How the Brazillian Thrash kings made an adventurous journey towards new metal territory.
By 1996, Sepultura had established themselves as the last word in cutting edge metal. Considering they had come from the mean streets of Sao Paulo Brazil, to get there, a feat unheard of when they formed in the mid – 80’s, their success came with no small amount of genuine respect. And with Roots, the furious four returned to their own soil to add a Brazillian twist to the metal they had become kings of.
Not wanting to repeat the past with making another ‘Arise’ or the excellent ‘Chaos A.D’ they made a complete turnaround. The four piece challenged themselves by literally pushing into new Brazillian territories & expanding the frontiers of metal. They boarded a plane with battery powered sound equipment & flew deep into the rain forest to join and jam with the Xavante tribe.
Says Max Cavalera on taking inspiration for Roots.
“The concept for roots actually came from a 1991 movie called ‘ At Play In The Fields Of The Lord’ and it gave me the inspiration to take the band and go record in the Brazillian jungle. We picked the Xavante because they weren’t just in the rain forest, they were really in the middle of Brazil, in the heart. And they were excited about the prospect of working with us.”
Plans were hatched to journey deep into western Brazil to live and record with the Xavante tribe. And though the resultant recordings will be remembered as much for being the last with original frontman Max Cavalera, for their 2 million plus sales and their indelible influence on the emerging metal scene, it’s also notable for the literal expanding of metals frontiers taking it to people who had literally never heard it before and making them an integral part of it. Twenty years on it still resonates as a turning point in the band, While fall outs with managers and brothers divided the group, the album, Roots, and its inception remains a historic event.
They Knew It Had To Be Different.
Before the Brazillian thrash titans went into the studio, they knew even before they even started writing, it had to be different. Not wanting to follow on from their previous effort, Chaos A.D, the band started looking into Brazilian comics and imagery for a source of inspiration. Soon after as they began to write and record, they had a very strong idea image that they wanted to represent exactly where they came from which was most important to the finished record.
It Was Originally Going To Be Twice As Fast!

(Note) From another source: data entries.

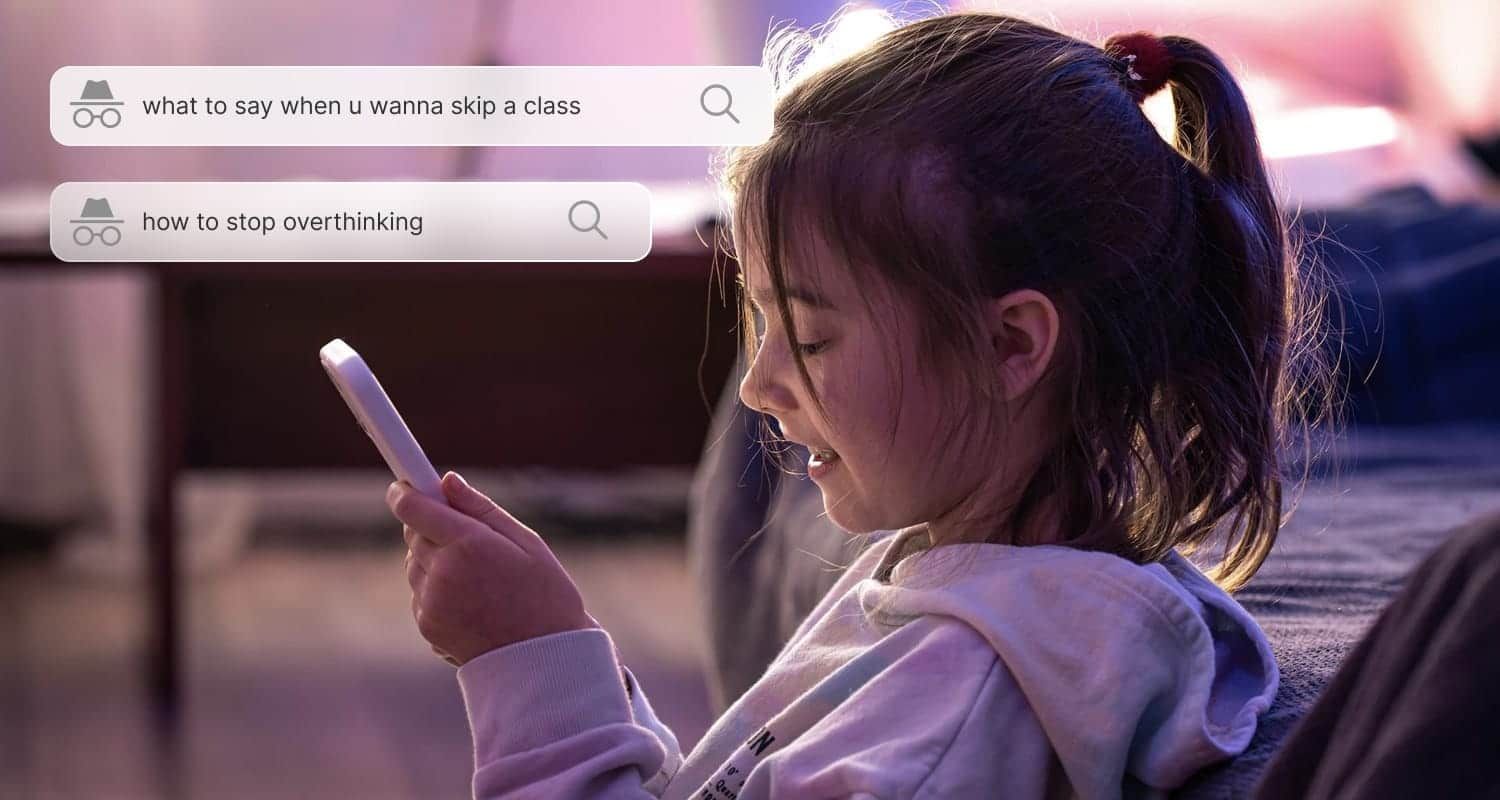 Reveal "Incognito" Searches—If Logged in Time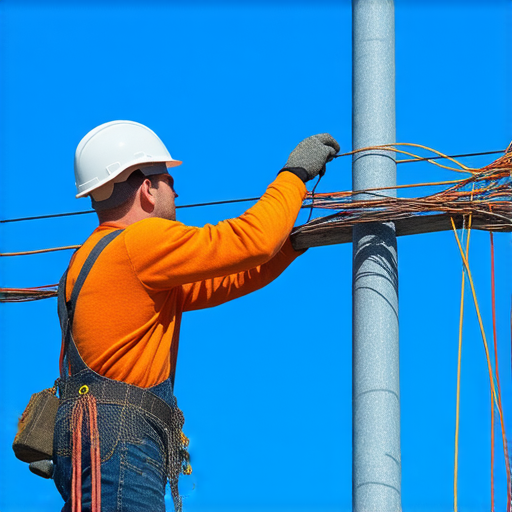 「揭秘電線安全：高掛驚人技巧與專業服務，讓你的電力無憂！」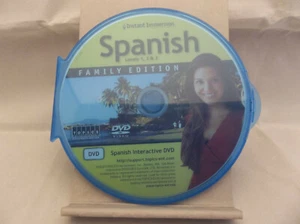 Instant Immersion Spanish Family Edition Interactive DVD Video - Picture 1 of 5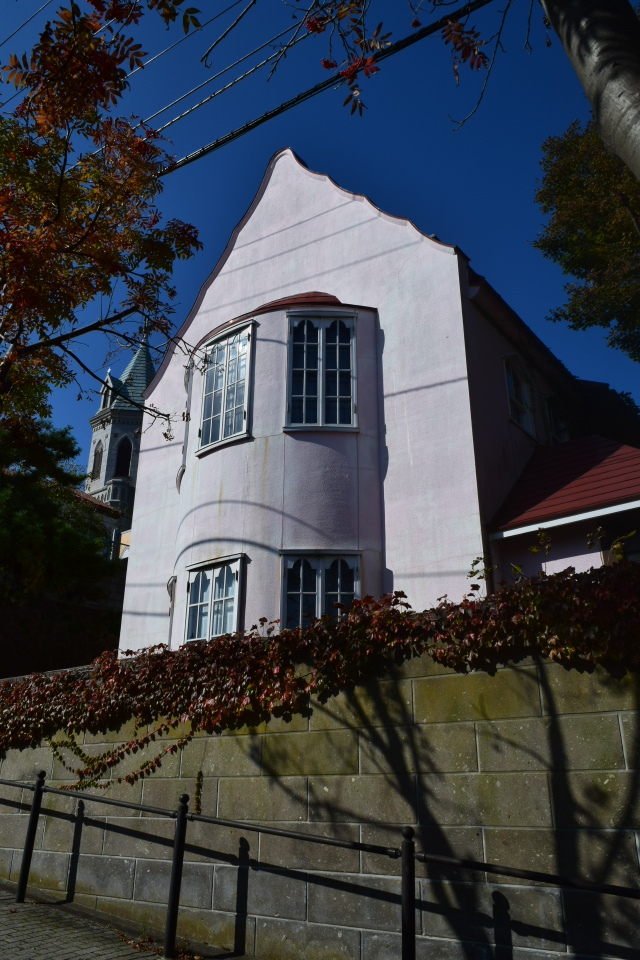 函館市元町の旧亀井喜一郎邸(建築家・関根要太郎作品再見2021)_f0142606_15400283.jpg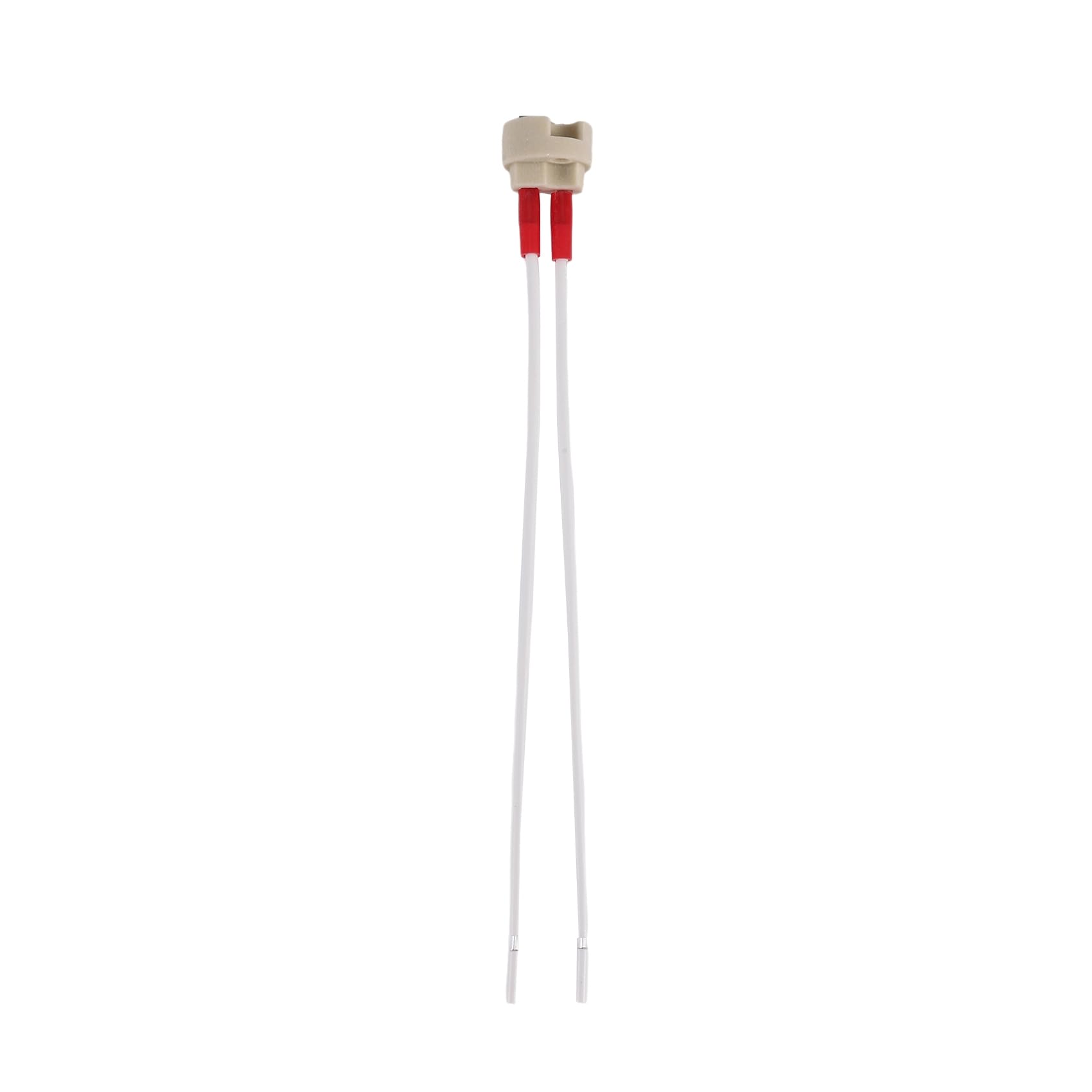 Fuhjythy MR16/GU5.3 Socket Halogen LED Bulb Holder Base Ceramic Cable Main Wire Connector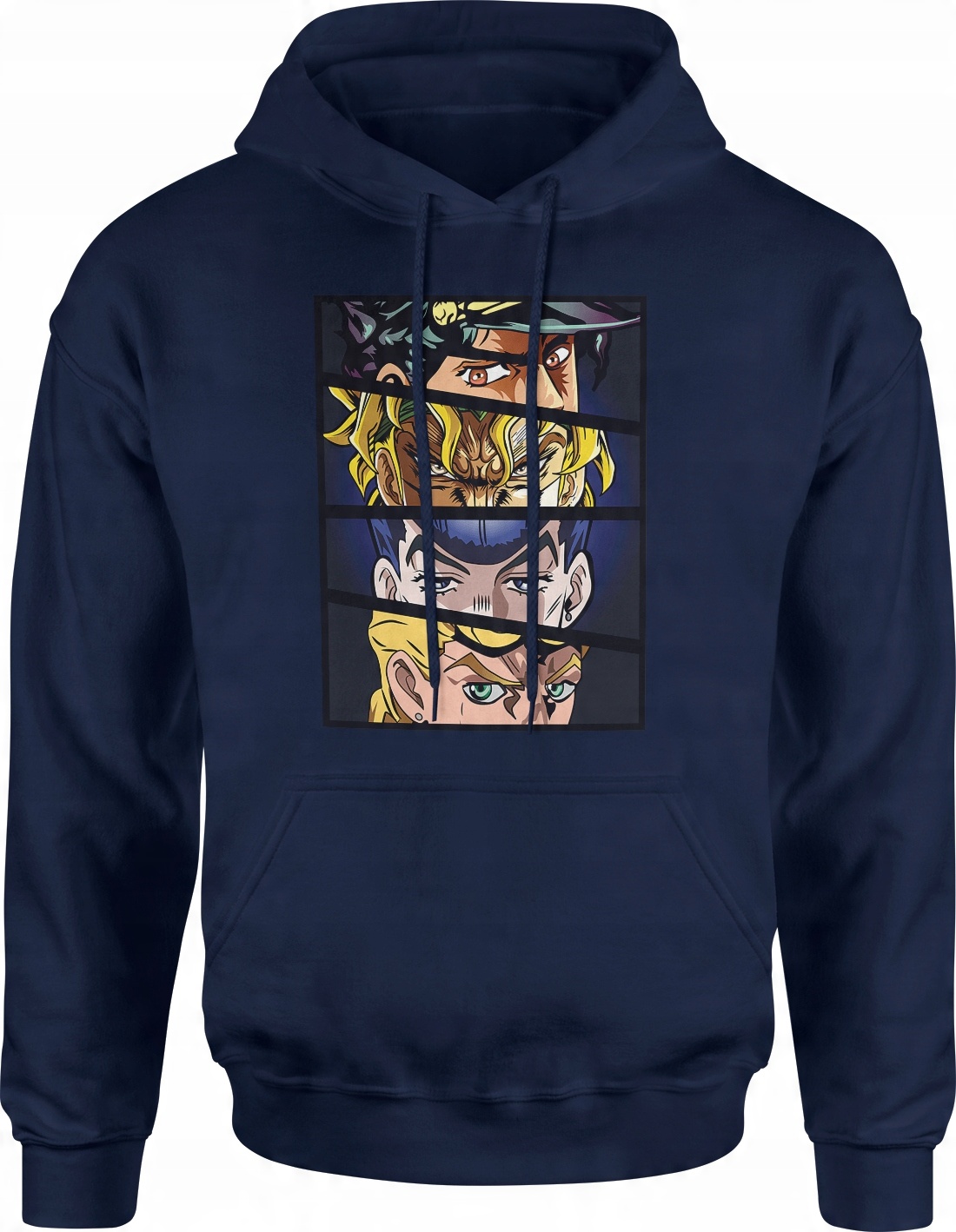 

Bluza Męska Jojos Bizarre Adventure Anime Rozm M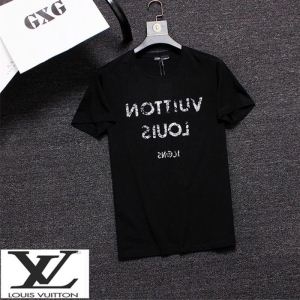 超必須アイテム Tシャツ/ティーシャツ 2色可選 清潔感で洗練されルイ ヴィトン LOUIS VUITTON 2019夏に意外と人気な新作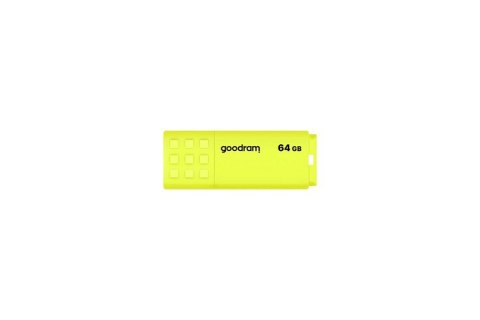 Pendrive GOODRAM UME2 64GB USB 2.0 Żółty praktyczny
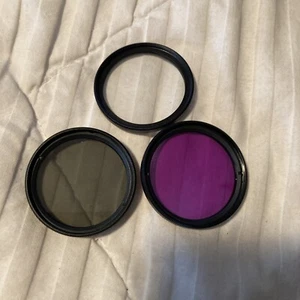 DEC GEAR 3-Piece Filter Set 40.5mm  (UV, CPL & FLD Filters) - Picture 1 of 7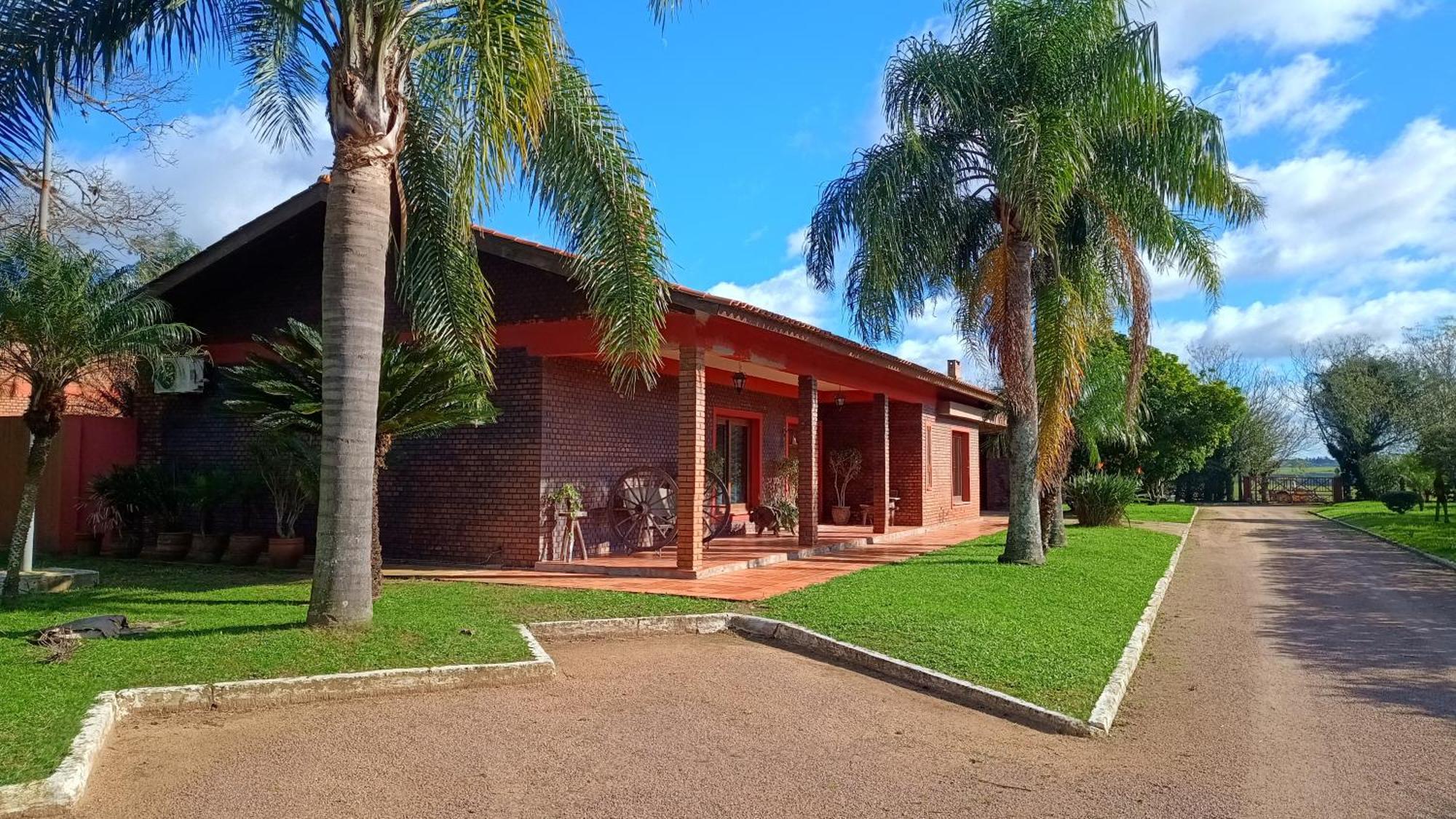 Estalagem Haras Di Cellius Hotel Bage Exterior photo
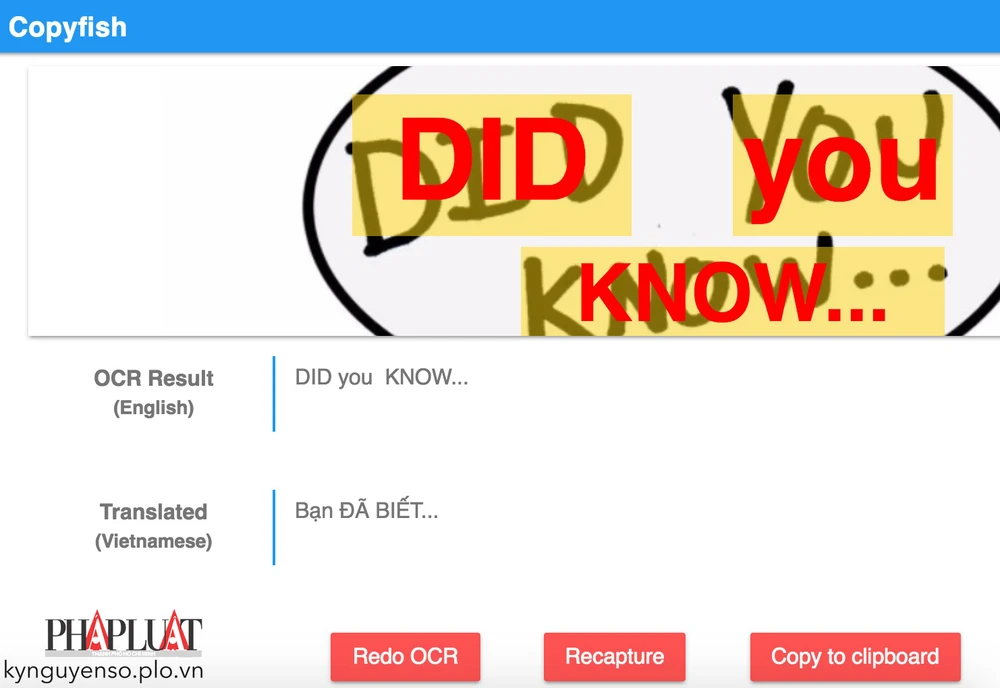 5 công cụ giúp biến chữ trên hình ảnh thành văn bản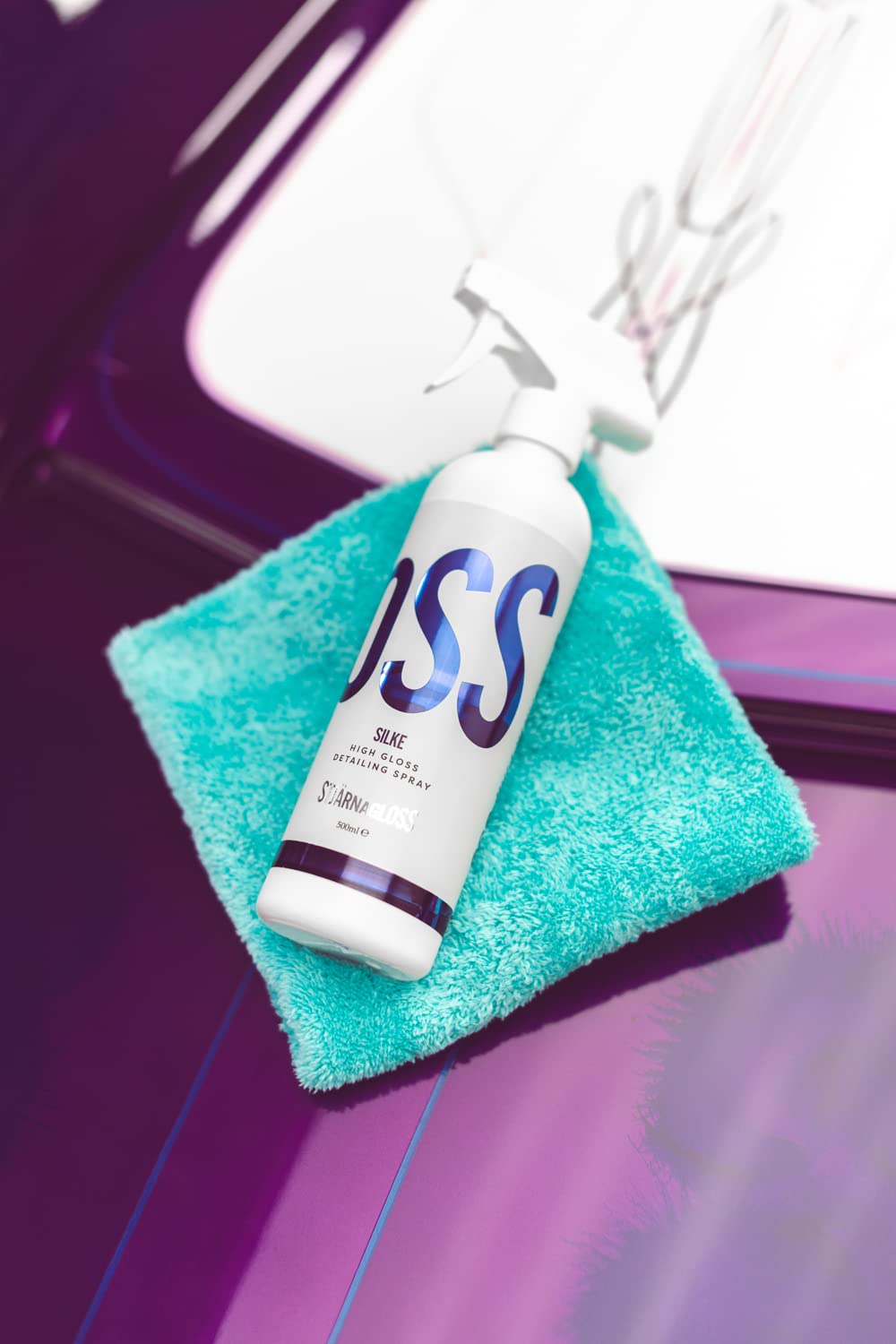 Stjarnagloss Silke High Gloss Quick Detailer Spray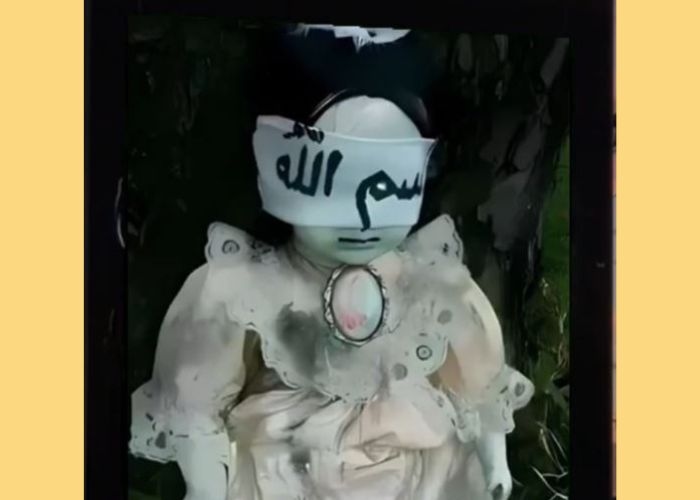 JANGAN NEKAT! Buka Penutup Mata BONEKA ini, NYAWA Bisa MELAYANG! KisahMisteri yang MENCEKAM di Singapura!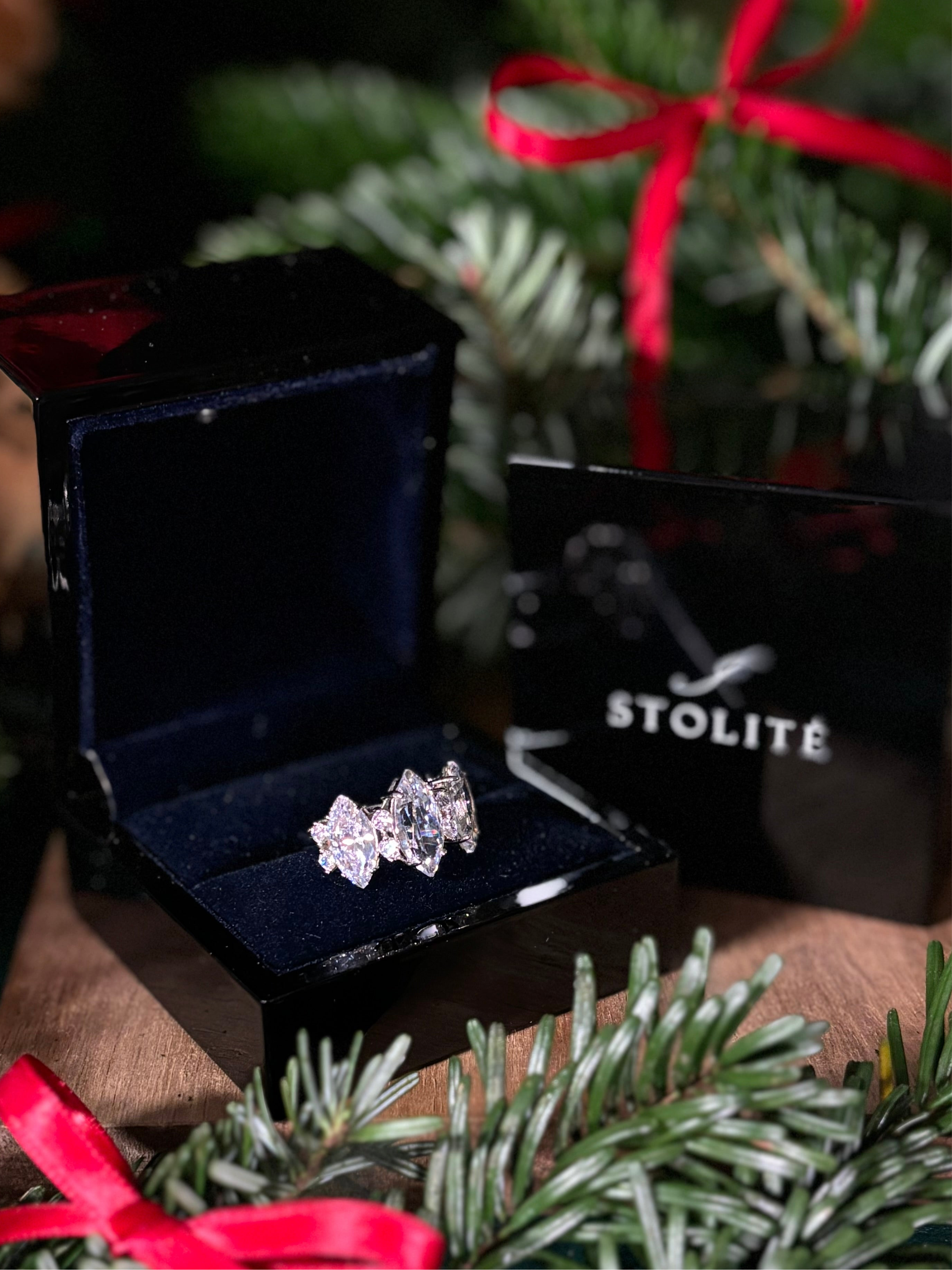 ELIONA COCKTAIL RING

Originally the band worked on two versions of the Roots song.The first one being made at twice the tempo as you hear it now. Although sounding brutal at double time, after detuning and they knew it would sound way cooler being much slower with more groove. In fact, you may have heard the thrash version before, as they occasionally drop it into a live show which sounds absolutely killer!
They scared producer Ross Robinson.
After hearing about how uber producer Robinson threw things at Korn in the studio to make the band’s anger translate over in the mix, Sepultura was understandably wary. On the first day of the session, the band was like; “Don’t you try to pull any shit with us! We’re from Brazil, we’ll fucking kill you!” Ross, taking heed from their stern warnings actually never did. Flying objects aside, he did, in fact, get the performance they wanted, bringing the mix to a raw, dirty live sound. He also relished the idea of the band going out into the wastelands to work with the Amazonian tribe.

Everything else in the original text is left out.